Checking if we are authenticated - lsproc/Graph-API-test GitHub Wiki
Facebook uses 'Installed' as a synonym for authenticated as far as applications are concerned. If an app is not 'installed', it is not authenticated for that given user, and therefore can not access the Facebook graph API. We also do not have a user object, as we won't have permission for it (that is why we gain access to basic data when installing an app). Therefore, it becomes necessary to investigate whether we have been authenticated, or 'installed'.
Ensuring we are on Facebook
This whole problem is irrelevant if we are not logged into Facebook. To do this, we can simply inspect to see if we have the session data that Facebook provides to all apps when loaded through its canvas.
This is important, as if we are authenticated, we need to set the access token which is supplied by this session data. Without it, calls with the API will fail (with the exception of getUser as this can find the user simply from the session data). Therefore, it is a good opportunity to set the access token when inspecting the session data.
If the API's built in call for getting the session data is used, it will perform its own checks to ensure the data hasn't been affected by XSS flaws - if they have then null will be returned. In this code, this will give the same response as saying we are not on Facebook.
if (is_array($request_data) && array_key_exists('oauth_token', $request_data)) {
// We have session data and an access token, set it in the API.
$facebook->setAccessToken($request_data['oauth_token']);
} elseif (!is_array($request_data)) {
// If this is not an array, we don't have the session data we should have if we came from Facebook. So we probably aren't.
die('Not on Facebook');
}
// If we are here, then we are on Facebook but we don't have an access token. This means we are unauthenticated.

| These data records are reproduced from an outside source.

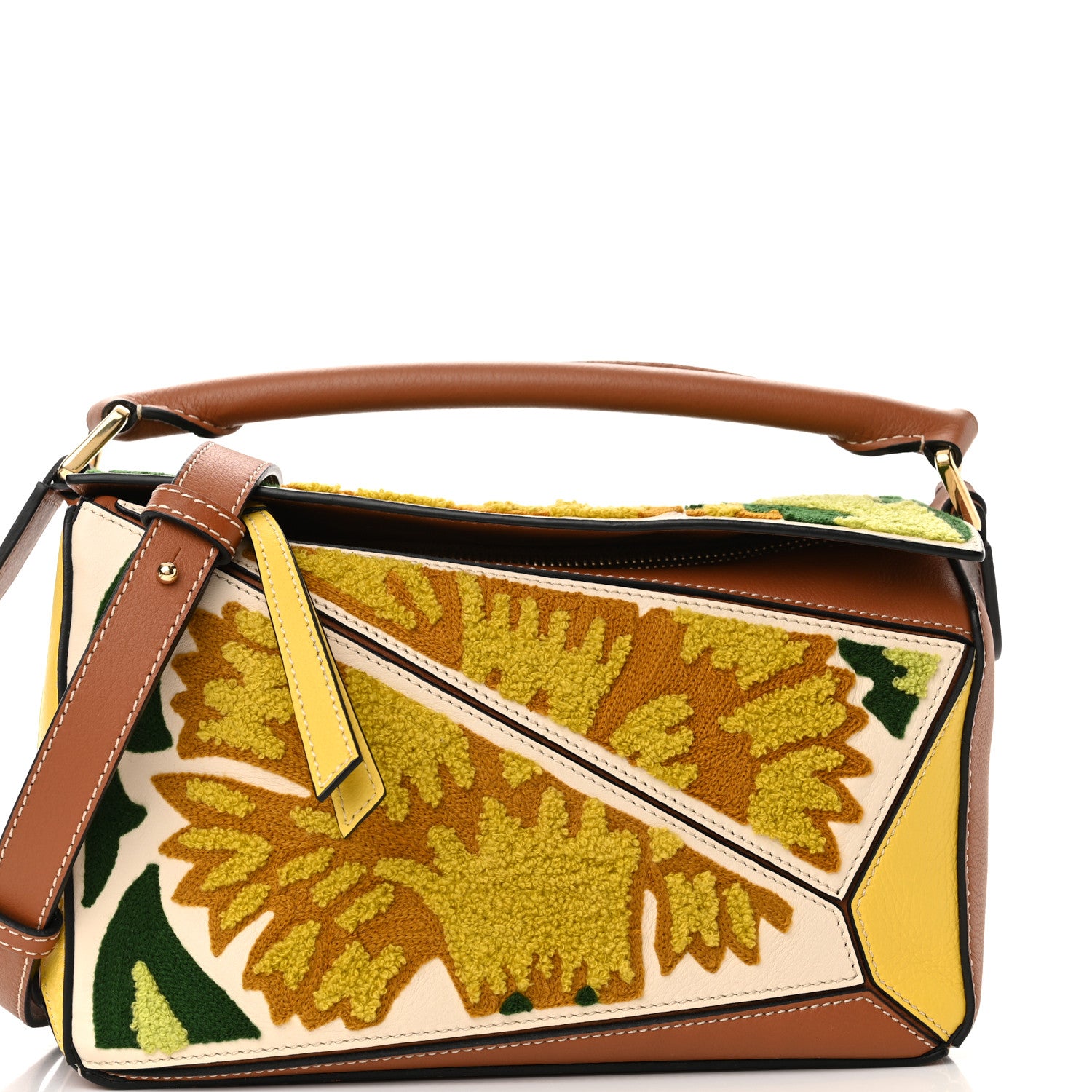 Loewe Calfskin Embroidered Floral Small Puzzle Bag Tan Yellow 7 of 9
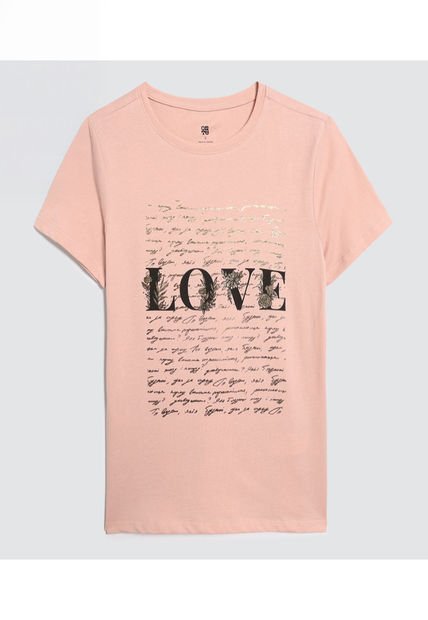 Camiseta Para Mujer Manga Corta Color Rosa Marca Ostu #40092106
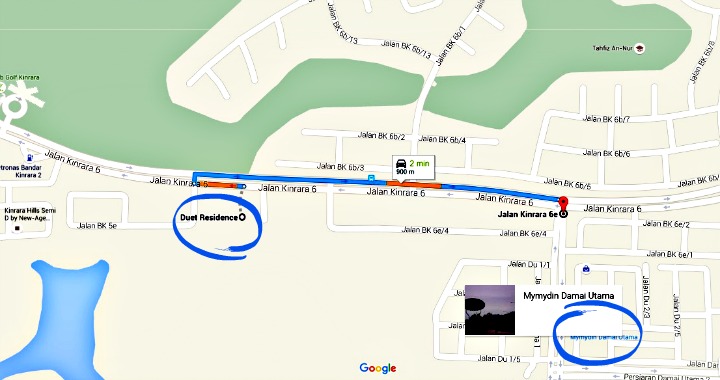 Damai Utama is a relatively new neighbourhood/township that will serve some basic needs such as food and beverage, grocery shopping and so on. There is a Mydin there as you can see on the map. It is 900m or 2 minutes away from Duet Residence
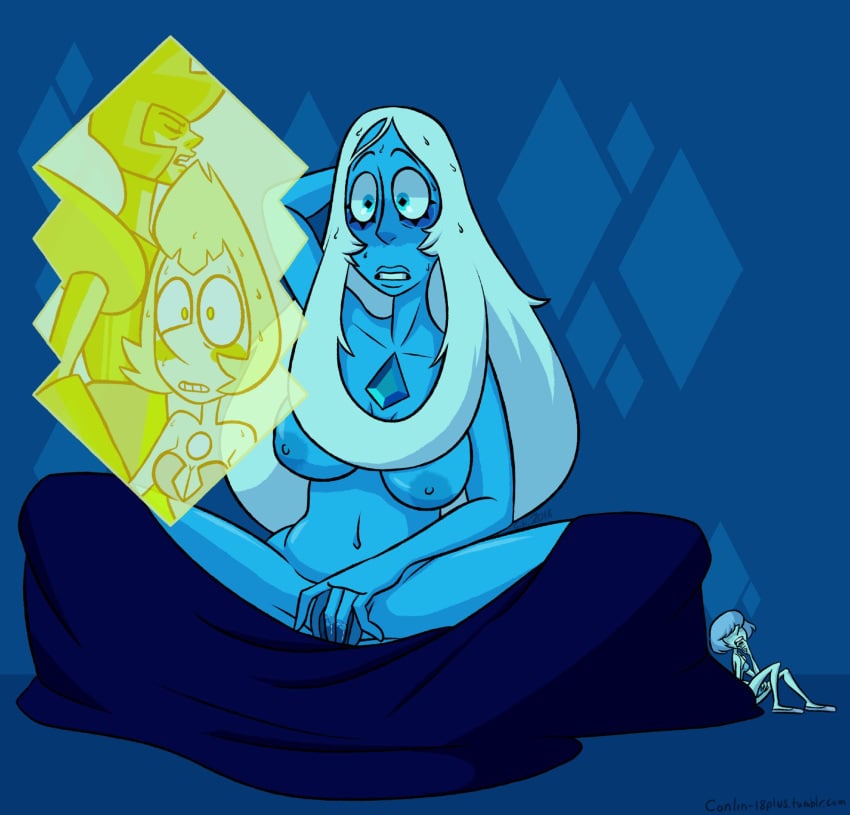 2girls alien alien_girl alien_humanoid blue_body blue_diamond_(steven_universe) blue_eyes blue_hair blue_pearl_(steven_universe) blue_skin breasts cartoon_network consin-arts diamond_authority female female_focus female_only gem_(species) humanoid long_hair masturbation multiple_girls nipples non-mammal_breasts steven_universe yellow_diamond_(steven_universe) yellow_pearl_(steven_universe)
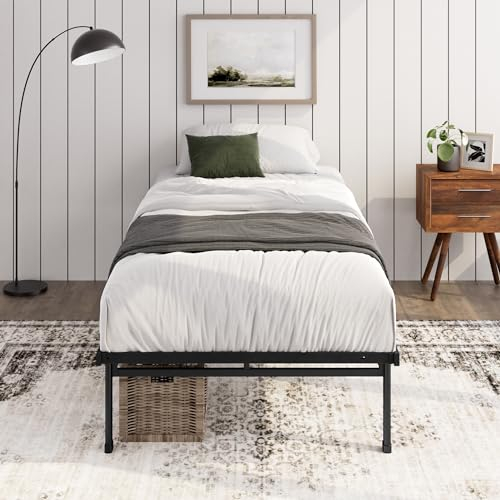 Zinus Justin säng 90 x 200 cm – höjd 36 cm med förvaringsutrymme under sängen – metallplattform, sängram – svart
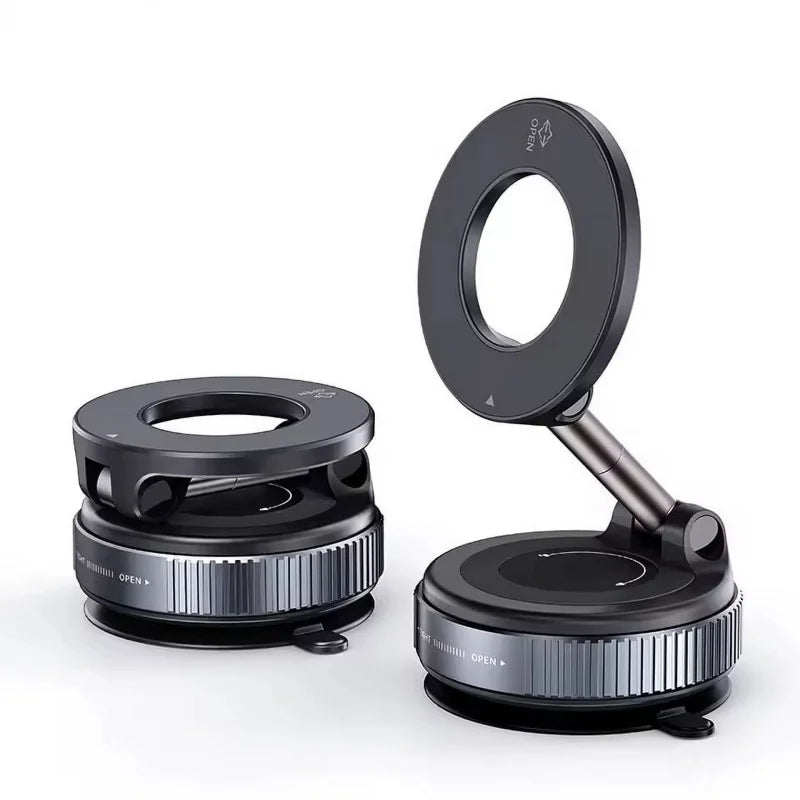 Magnetic Car Phone Holder Foldable Design 360 °     Adjustable Vacuum Mount for Car/Desk/Bathroom/Universal Use CM World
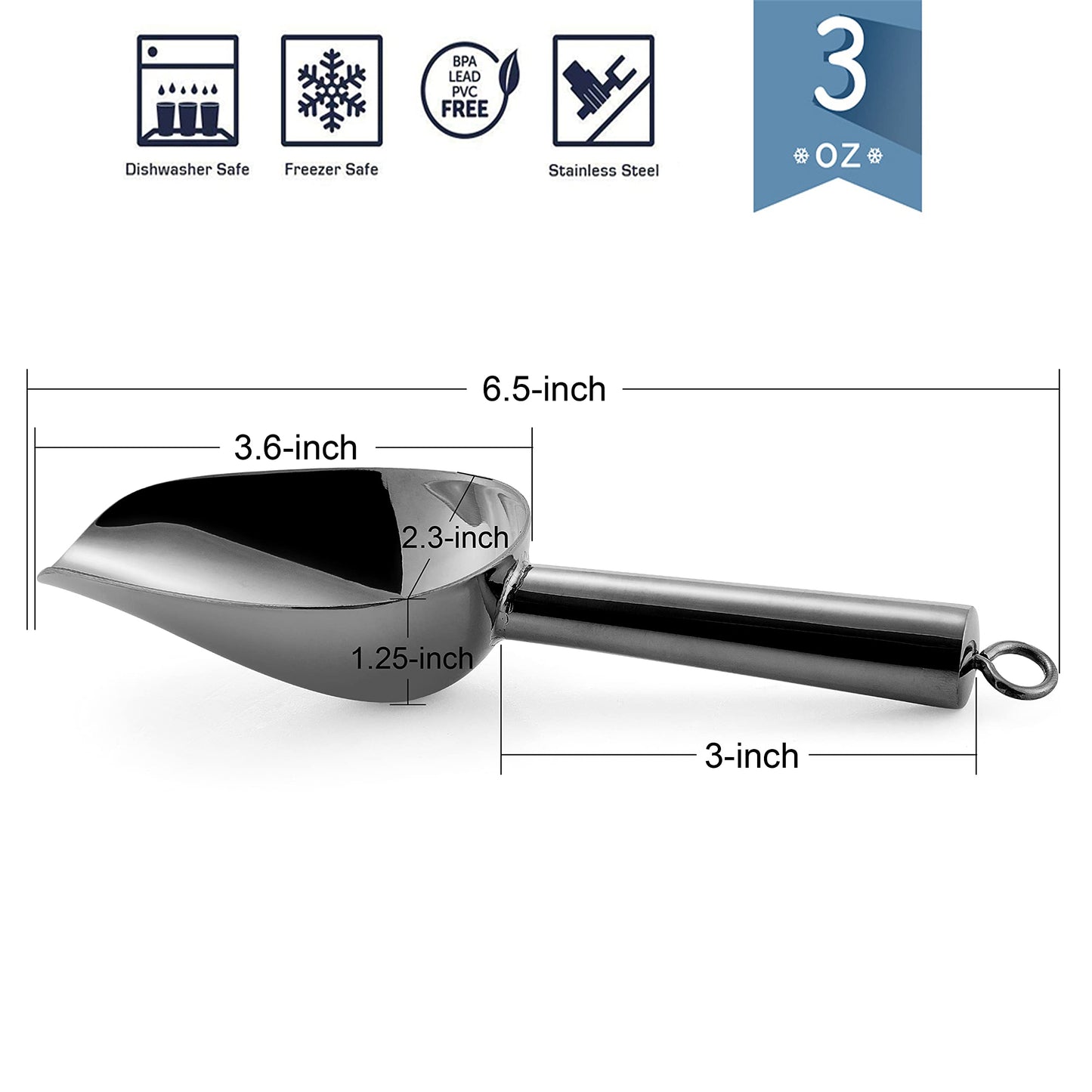 Mini Ice Scoop Set of 8, E-far 3 Ounce Platinum Black Stainless Steel Scoops for Candy/Flour/Sugar, Small Metal Scoops for Party/Canisters Jars/Kitchen Bar/Ice Maker, Rust Proof & Dishwasher Safe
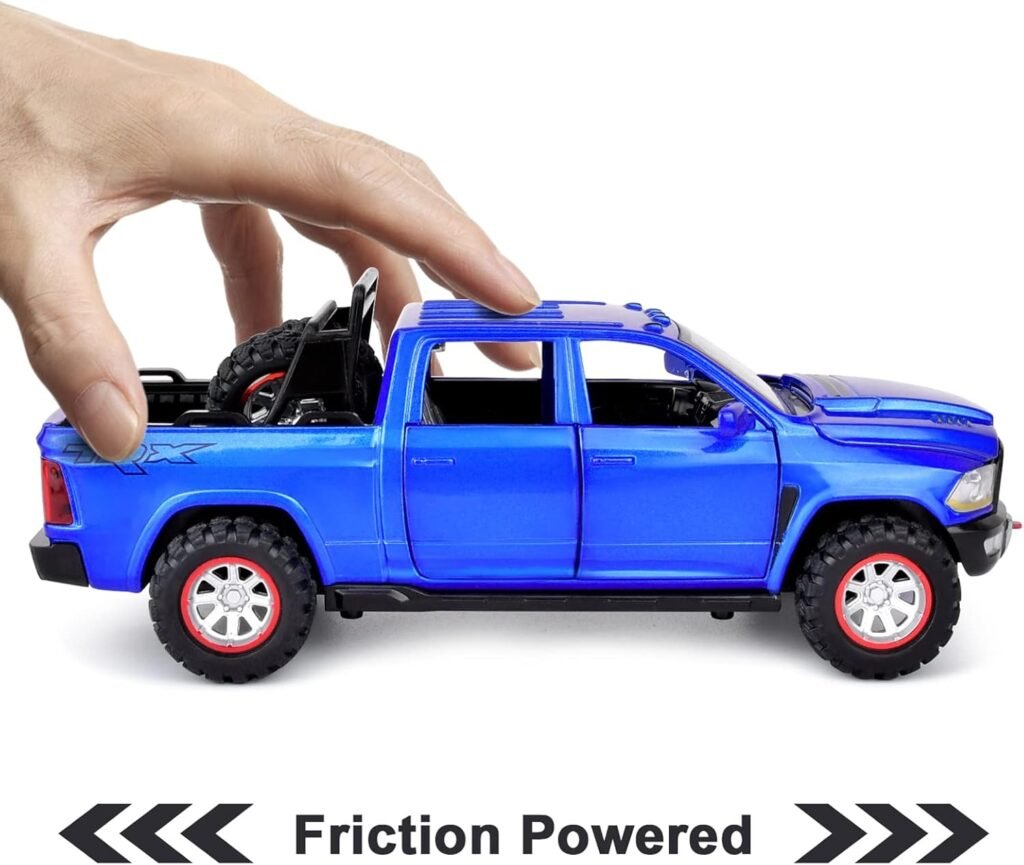 RAM 1500 Pickup Truck Toys for Boy Age 4-7 Diecast Metal Model Trucks Open Door Pull Back Toy Cars with Lights and Sound Gift for Kids 3-8 Years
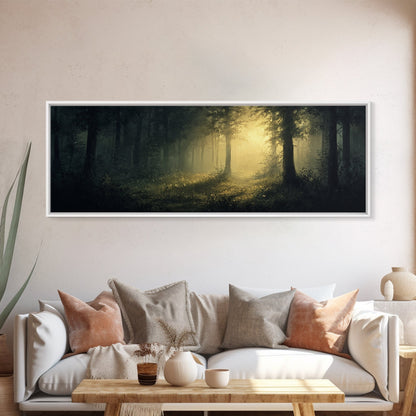 Mystical Forest Fantasy Wall Art, Canvas print, Fantasy Painting, Dark Fantasy Art, Mythical Fantasy Art, Panoramic Wall Decor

Seeing if we are authenticated
If you are using the JS api, this is easy as there is a call to see if we are authenticated. However, in the PHP API, which this sample code uses, then it is not possible to do this. The similar call in the PHP API, getLoginStatusUrl, will generate a URL which, when accessed, redirects you to either a specified URL or back to where you are, with parameters depending on the login status. This is not as useful as the JS API, as we cannot simply just see if we are logged in.
Luckily there is an alternative method. Because we do not have a user object when not installed, by checking the value of the getUser call, we can identify whether we are logged in or not.
$user = $facebook->getUser();
if ($user == 0) {
// We are not authenticated
// Facebook API calls will throw an exception if called.
} else {
// We are authenticated. The value of $user is the user's Facebook ID, which can be used if wanted.
// We can also now use the Facebook Graph API, i.e. do $facebook->api('/me'), to get details for
// the current user.
}
An alternative option would be to go on the basis of there being session data but no access token. This is functionally equivalent to the above - according to the Facebook documentation, the user_id parameter is only set when authenticated (the same time that oauth_token is set), so the existence of one infers the existence of the other. Considering that we need the access token to be set, it is a better choice to test on this instead - this is the method used in this example code.